23話
「ねえ、今度お茶会に誘うわ。あなた達のご兄妹も一緒にね。またお話ししましょ。」
皇女宮に向かう別れ道でフローラ様はそう言い、「じゃあね。」と言って歩いて行った。
それを見送った私たちも廊下を歩いていた。
◆
後日、皇女宮からお茶会の招待状が届いた。
日時は3日後の午後からで、皇女宮で行われる。
招待されたのは私、リオン、アーネスト、ベアトリスちゃん。
3日後の午後は仕事ができなくなるから、それまでに仕事を終わらせないといけない。
「リオン、あっちの書類持ってきてくれる?ジアンは次の予定を教えてちょうだい。」
「わかりました、姉上!」
「本日は16時からティエール市長が来られます。また、アッシア出店審査の書類が一通届いております。」
最近雇った秘書官のジアンは何百通もの応募書を見て決めた甲斐があり、ものすごく優秀だった。
私が特別伝えなくても私の予定を把握しているし、全て覚えているの。
リオンは書類の整理が得意で、書類の内容を見て私が作業しやすいよう場合によって時系列順とか、優先度順に爆速で並び替えながら持ってきてくれるの。
最近はベアトリスちゃんにお呼ばれしていることが多いけどね。
まあ、そのおかげで私の仕事時間が半分くらい短縮されてるわけ。
今日も通常は3時間ほどかかる処理仕事を2人の手を借りて1時間ちょっとで終わらせた。

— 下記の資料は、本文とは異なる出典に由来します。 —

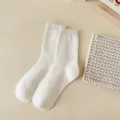 Calcetines de caña media acanalados blancos para mujer, color sólido de algodón transpirable. - Talla única / Blanco Lechoso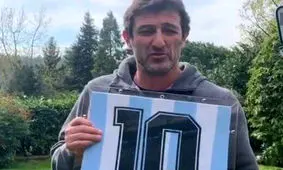 فروش پیراهن مارادونا برای مبارزه با کرونا /عکس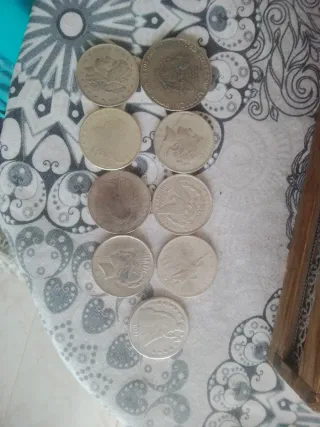 Lotto di 8 monete americane NON in argento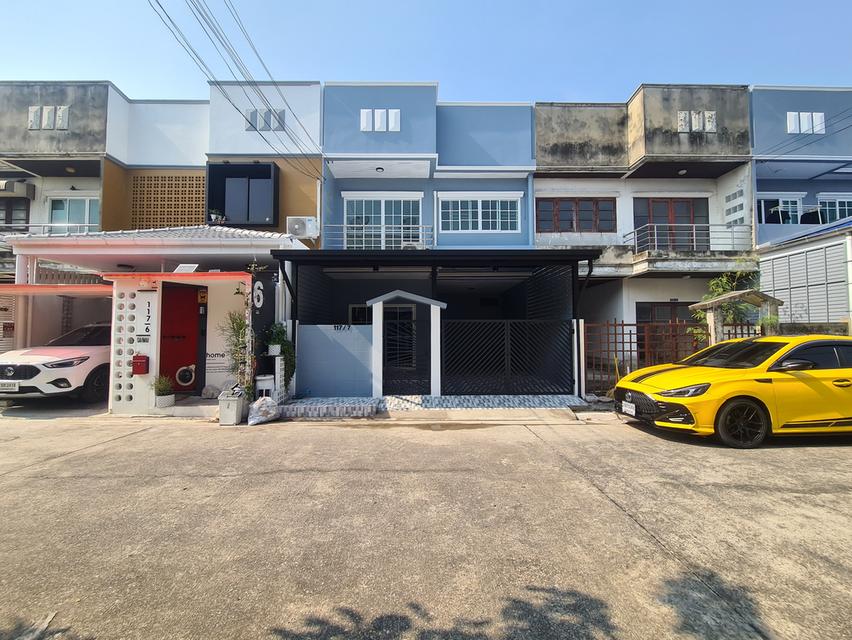 ขายทาวน์เฮ้าส์มือสอง 1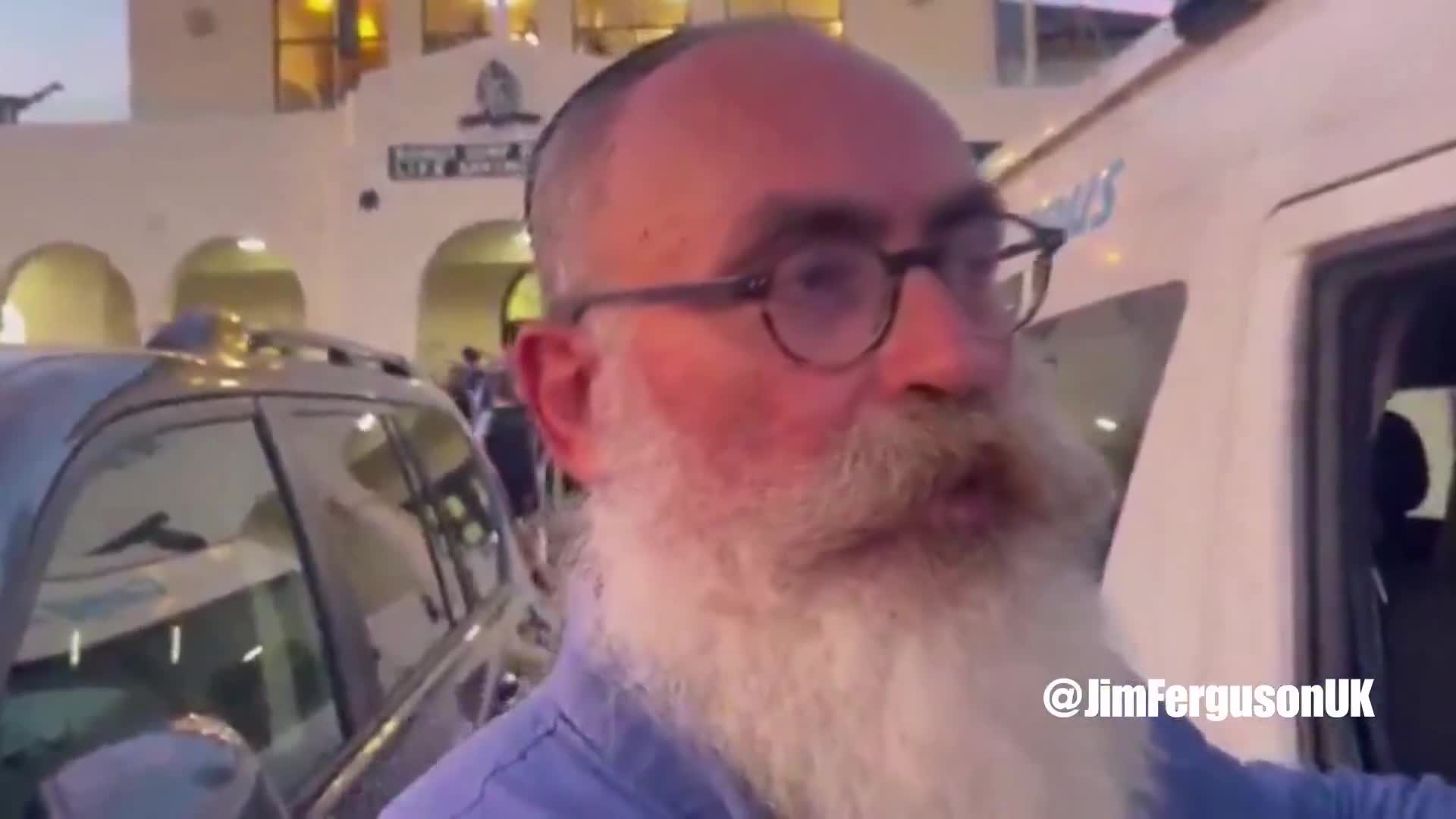 Witnesses report a total police stand down for 20 minutes in Sydney w...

夜に余分でちょっとやっとこうかな。3日後の仕事を後回しにしたくないから。
◆
「お嬢様、十五時になりました。」
フィリーナに15時になったらティエール市長と会うために着替えるって言っておいたから、15時ちょうどにフィリーナが来た。
「本日のお洋服はいかがなさいますか?」
「緑色ね。あのフリル少ないのがいいわ。」
「ティエール市のイメージカラーの服ですね。かしこまりました。」
フィリーナは緑色でレースが多く、代わりにフリルが少ないドレスを取り出した。
それに着替えてエントランスの方に向かうと、ちょうど市長の乗った馬車が到着したところだった。
「いらっしゃい、ティエール市長。」
「シャルローゼ様!ご無沙汰しております。」
市長を応接室に案内し、市長から報告を受ける。
「今の所、大きな問題等はございません。それどころか、職人の労働環境が良くなったと職人たちが喜んでおりました。」
「そう、よかったわ。この街が1番女性統治者に対して疑問を持ってたでしょう?治安が心配だったけど、それなら問題ないわね。」
おそらく、いろいろと整備をしたからね。
私がティエールで取り入れたのは売り上げの一部をそれぞれの店が積み立てて福祉面や労働環境を整えるというシステム。
単純なシステムだけど、採用している街って国全体を見てもかなり少ないの。
1番最初に全て整える分、初期費用が嵩むから。私はそんなの気にしないでいいけどね。
システム運営を全て街の人に任せてみたら、これが成功したみたいだった。